Domestic demand is strong, but inflation remained below the NBG's target of 3% in 2024, although it exceeded it in March-April 2025, averaging 3.4% partly due to base effects. Fitch expects inflation to average 3.2% in 2025-26. The NBG has kept policy rates unchanged at 8% since May 2024, and is unlikely to cut rates given the potential for looser monetary conditions to boost FX demand. Monetary policy transmission is somewhat constrained by high levels of dollarisation (end-1Q25: 53.5% of deposits and 43.1% of loans).

Georgia has a record of overperforming budget targets. Fitch expects the general government deficit to average 2.3% of GDP in 2025-26 (2024: 2.3%, 'BB' median: 2.8%), well below the 3% ceiling. Gross general government debt (GGGD)/GDP fell to a 10-year low of 36.1% at end-2024 ('BB' median: 53.8%), aided by strong nominal GDP growth. Fitch projects GGGD/GDP to average 35.8% in 2025-2026 (well below the 60% debt ceiling), with exchange rate depreciation a key risk. Fitch expects the authorities to roll over a USD500 million Eurobond maturing in April 2026.

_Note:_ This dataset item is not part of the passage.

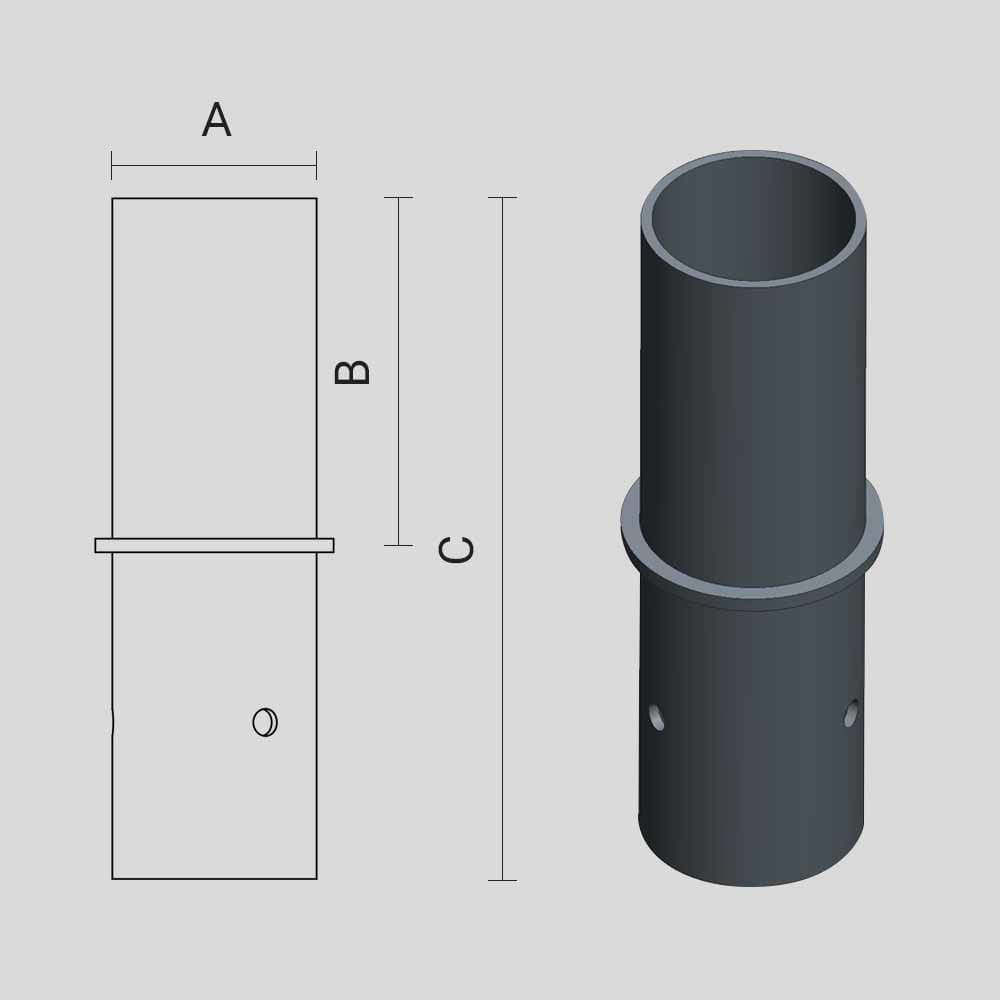 ARCLUCE SPA - ACL1097049X-16 RIDUZIONE DA PALO D76 A D60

Georgia has ESG Relevance Scores of '5' for Political Stability and Rights, and '5[+]' for the Rule of Law, Institutional and Regulatory Quality, and Control of Corruption. These scores reflect the high weight that the World Bank Governance Indicators (WBGI) have in our proprietary Sovereign Rating Model (SRM). Georgia has a medium WBGI ranking at the 61st percentile, reflecting moderate institutional capacity, established rule of law, a moderate level of corruption, and political risks.